The proceeding of FPGA 2011 was released. There is a pre-conference workshop on The Role of FPGAs in a Converged Future with Heterogeneous Programmable Processors, where ALTERA describes its OpenCL initiatives.

PIPS: Automatic Parallelizer and Code Transformation Framework
Posted on 4-3-2011 by Zhenyu Ye Tags: tool, GPU, CUDA

The PIPS framework performs source-to-source transformation. The input can be C or Fortran. The output can be OpenMP, SSE, and CUDA (with limited optimization). The team is working on OpenCL output support and improving quality of the generated CUDA code. An overview of the framework is well described in the PIPS tutorial in PPoPP 2010.

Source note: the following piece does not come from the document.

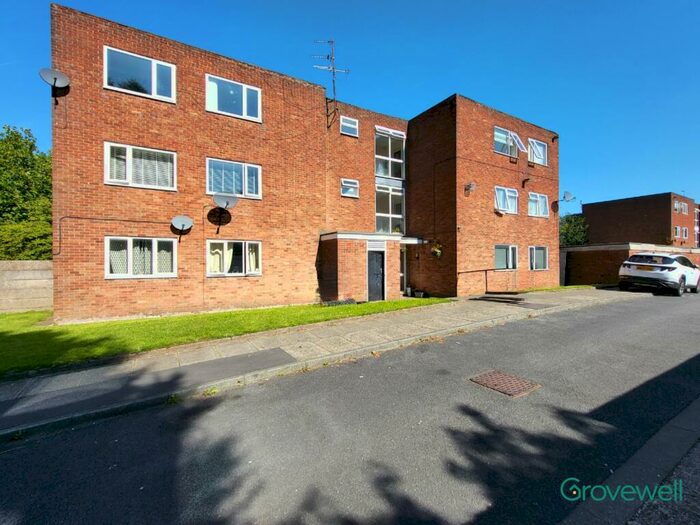 2 Bedroom Flat To Rent In Windsor House, Kingsmead Mews, Manchester, M9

Related projects: Par4All, OpenGPU

Computer Architecture 2010 Top Picks
Posted on 3-3-2011 by Zhenyu Ye Tags: architecture, conference

The Jan-Feb 2011 issue of IEEE Micro has selected 11 best papers published in top computer architecture conferences (5 from ISCA, 3 from Micro, 2 from ASPLOS, 1 from HPCA) in 2010. In the introduction of this special issue, Yale Patt and Onur Mutlu summarise a few observations regarding future conference reviewing. The number one observation is more focus on insights over quantitative results.

ISCA 2010 Slides Updated
Posted on 2-3-2011 by Zhenyu Ye Tags: architecture, conference, neural network

ISCA 2010 website posts additional slides of keynotes and oral presentations. There is a motivating keynote on the rebirth of neural networks.

NVIDIA announces CUDA 4.0
Posted on 2-3-2011 by Gert-Jan van den Braak Tags: GPU, CUDA

NVIDIA just announced the release of the first release candidate of CUDA 4.0 to registered developers next Friday (March 4th). The main improvement of this new CUDA version is better multi-GPU support. With the new release multiple GPUs can be controlled from a single thread, and multiple threads can work on the same GPU. This will make it a lot easier to create multi-GPU programs. Luckily we already have a multi-GPU setup, I can hardly wait to test this new features.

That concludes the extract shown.